EXERCISE = The expected output is the full set of entries, printed exactly, without pictures.

RECORDS SHOWN =

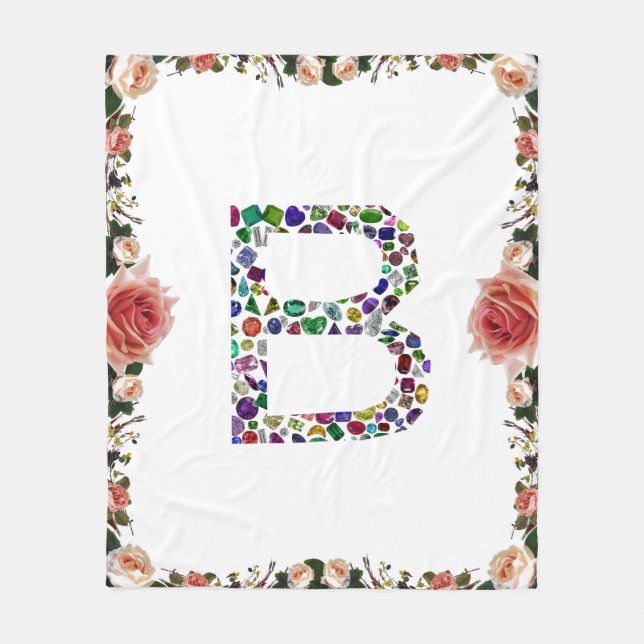 Monogram Initial Brev B Fleecefilt (Framsidan)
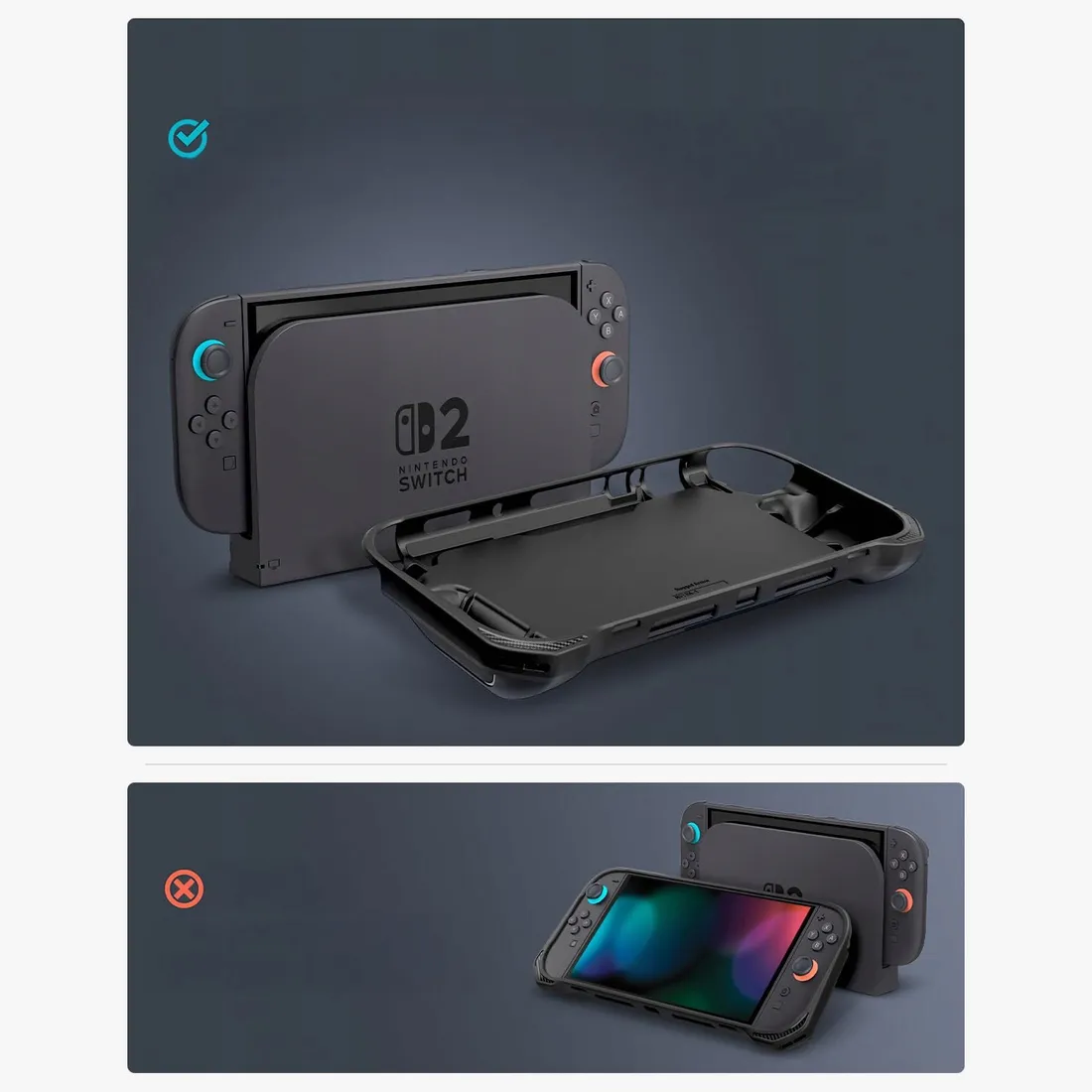 etui-spigen-rugged-armor-nintendo-switch-2-matte-black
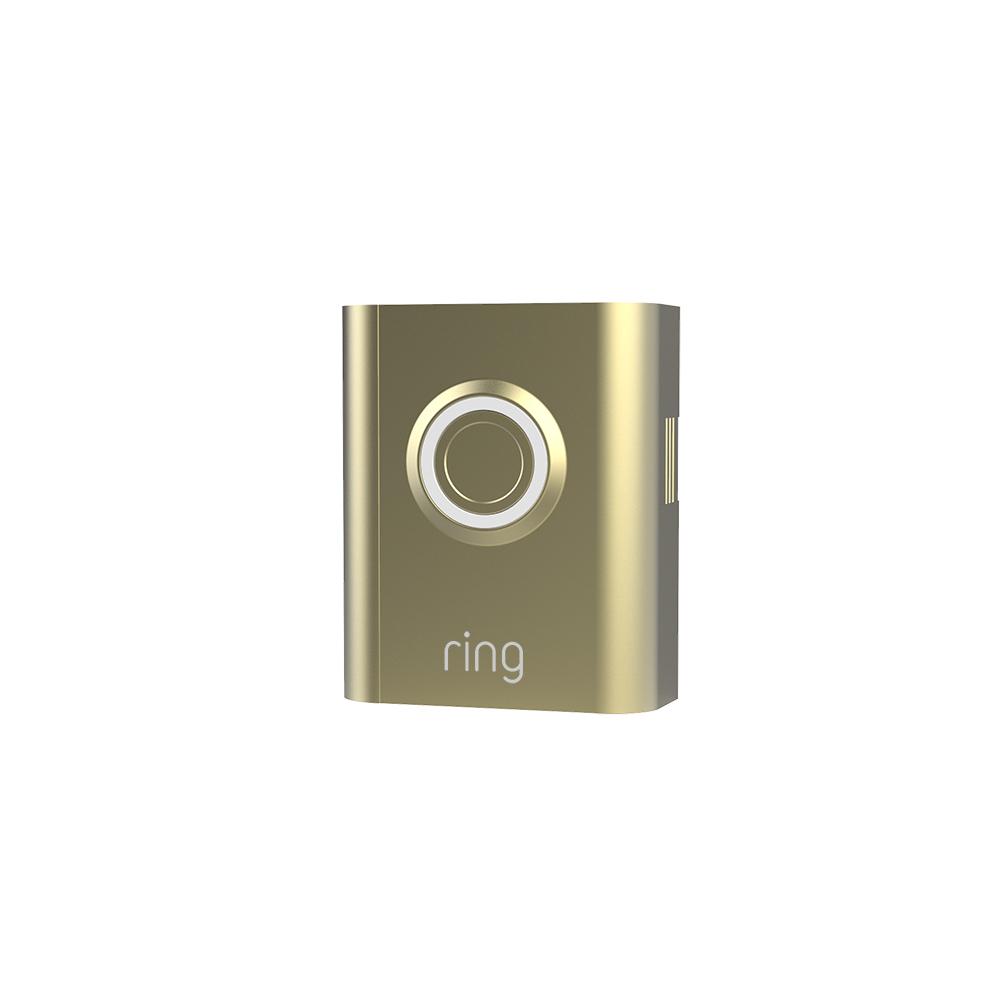 Gold Metal:Interchangeable Faceplate (for Video Doorbell 3, Video Doorbell 3 Plus, Video Doorbell 4, Battery Doorbell Plus)
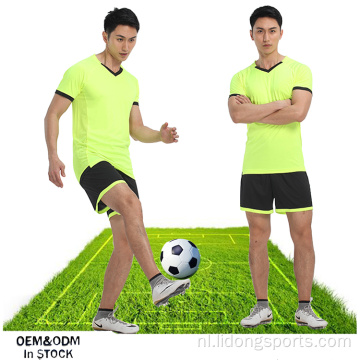 Aangepaste teamuniforme unisex voetbalshirts voetbalshirt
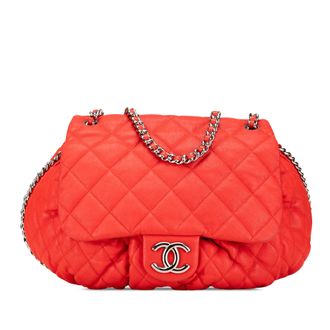 Chanel Gequilted Lamsleder Kettingtas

FINISHED EXERCISE =
 Monogram Initial Brev B Fleecefilt (Framsidan)
 etui-spigen-rugged-armor-nintendo-switch-2-matte-black
 Gold Metal:Interchangeable Faceplate (for Video Doorbell 3, Video Doorbell 3 Plus, Video Doorbell 4, Battery Doorbell Plus)
 Aangepaste teamuniforme unisex voetbalshirts voetbalshirt
 Chanel Gequilted Lamsleder Kettingtas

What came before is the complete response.